Emiel: Interesting. If China is now only prepared to intervene later and on a smaller scale, doesn’t that increase the risk of a hard landing in the country?
Erik: It depends on the time horizon. The fact that the leadership is tackling leverage, the economy’s key vulnerability, reduces the chances of a hard landing over the medium term. Over the shorter term, however, this approach allows for more stress in the system and so does increase the risk of a hard landing. The authorities nevertheless still have many policy levers and this risk remains moderate.
Given that economic context, Emiel, what do you see as the key investment implications of this regime change?
Emiel: There are many. I’d start with commodities and, in particular, metals. China has typically stimulated via commodity-intensive infrastructure investment and construction. Less stimulus in China would weigh on these prices. Many emerging markets are commodity producers, so they would suffer as well.
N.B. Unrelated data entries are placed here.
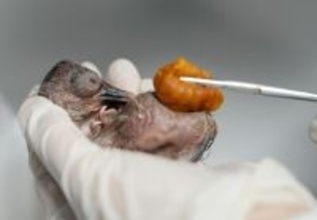 浙江省徳清、トキの一家に新たな家族が誕生―中国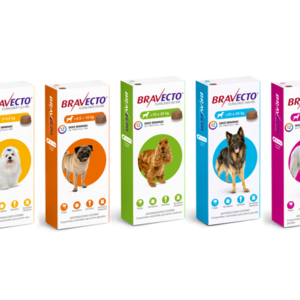 Comprimido anti pulgas y garrapatas trimestral para perro Bravecto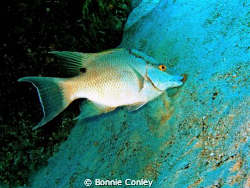 Hogfish seen in Grand Bahamas May 2009.  Photo taken with... by Bonnie Conley 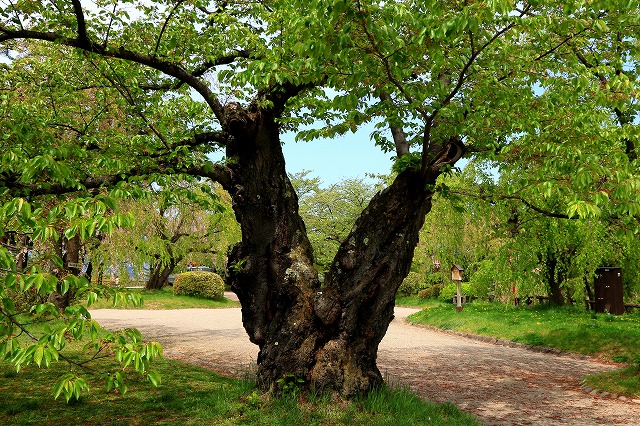 弘前公園-11
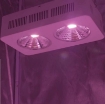 Picture of Đèn Led trồng cây đủ phổ COB-2, Đèn led hỗ trợ trồng cây trong nhà, Led grow light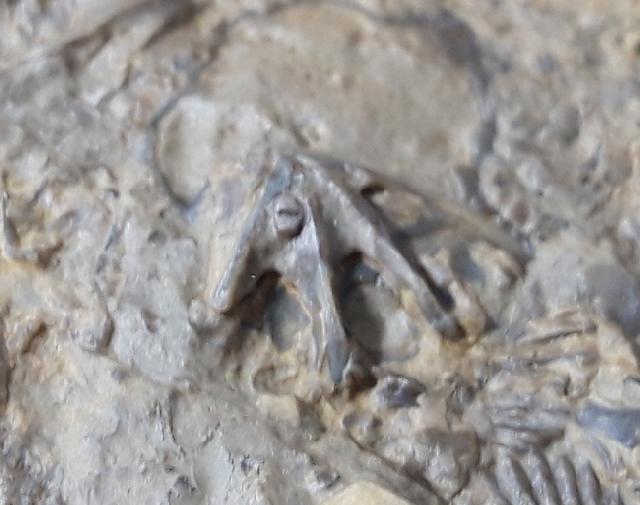 Tetractinella trigonella SCHLOTHEIM 1820 - Bild &copy; FossNet FossilienStore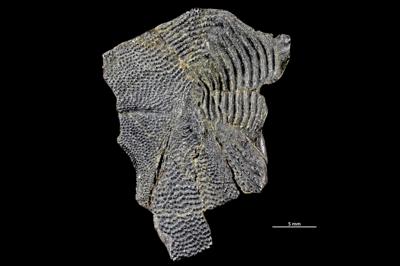 https://files.geocollections.info/large/6b/03/6b03379f-04cb-4169-af8a-19600a439608.jpg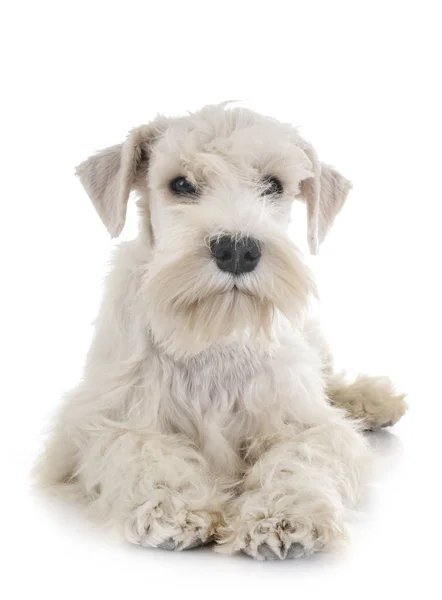 Valp vit miniatyr Schnauzer — Stockfoto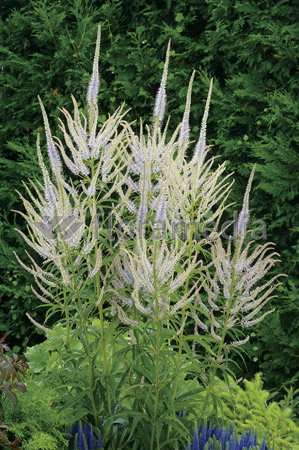 Przetacznikowiec syberyjski 'Diana' Veronicastrum sibiricum
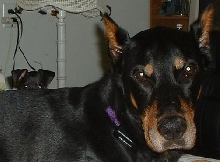 Duke my dobe.. and Minnie my min pin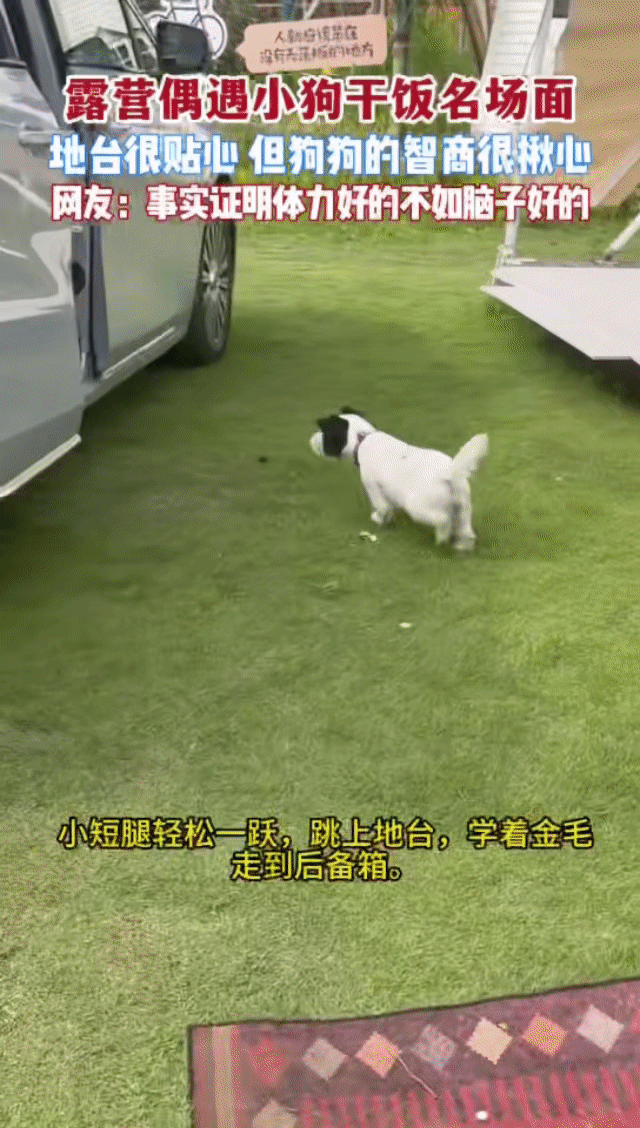 杭州的狗子精神状态有点说法杭州露营地里金毛智商上大分 杭州露营地里的金毛太给杭州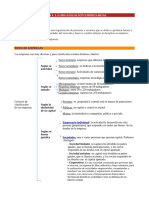 Tema 6. La Organización Empresarial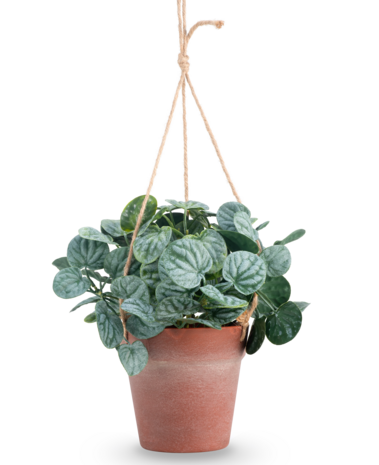 Greenmoods Kunstig Peperomia Busk i Hengende Potte 29 cm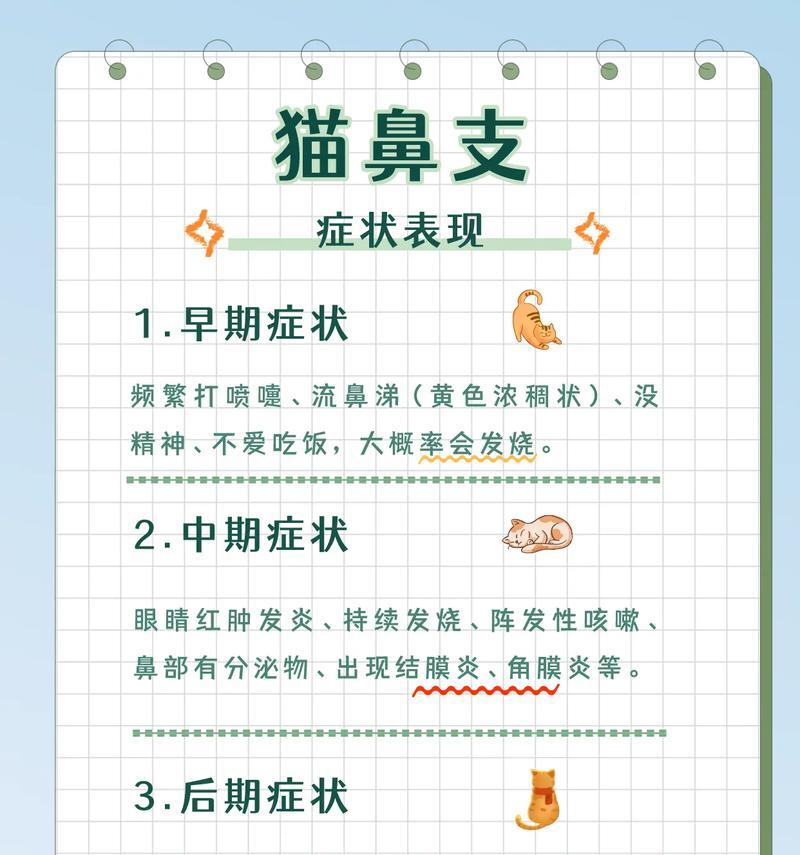 猫鼻支治愈所需时间及注意事项（了解猫鼻支康复时间和护理要点，助宠物早日康复）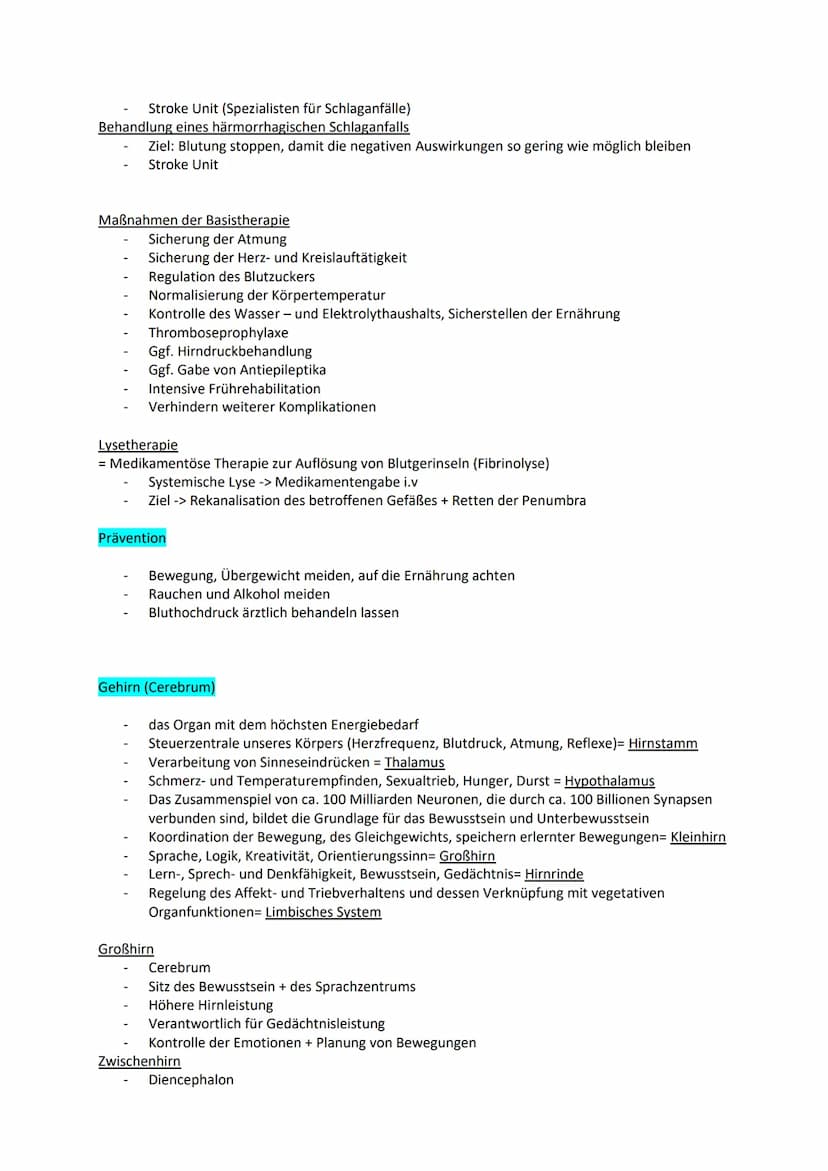 Examensthema: Schlaganfall
Gliederung
Definition
Epidemiologie
Risikofaktoren
Ursachen
Symptome und Folgen
Diagnostik
Therapie
Prävention
Ge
I would be most worried about metals producers such as Chile and South Africa.
Probably one of the more obvious impacts is on emerging-market equities. Weaker global growth, weaker commodity prices, and a weaker renminbi provide a headwind, especially for emerging Asia and exporters of industrial metals.
Erik: What about the fallout for developed markets?
Emiel: Given China’s size – it accounts for 30% of global growth – there are few corners of the world where the impact of this regime change won’t be felt. Growth in the US and, to an even greater extent, Europe should become more volatile. With that, investors are likely to demand higher risk premiums. Weaker Chinese demand and softer commodity prices would also ensure that global inflation remains lower for longer, benefitting long-term bond positions. I would also expect an impact on the renminbi.
Erik: Yes, I agree. With the space for policy stimulus in other areas shrinking, the renminbi should become more of a shock absorber. We could, for example, see another leg down if the upcoming trade talks fail and more tariffs are imposed. Over the longer term, the renminbi should still appreciate given larger productivity gains in China than in the US and Europe, but we’ll see larger swings around this trend. How would you trade that?
Emiel: A view on a weaker renminbi can be expressed through many currencies. In fact, a recent IMF study found that a larger part of the global economy moves in lock step with the renminbi than with the euro. My preferred option would be currencies that offer positive carry when shorted, such as the Taiwanese dollar.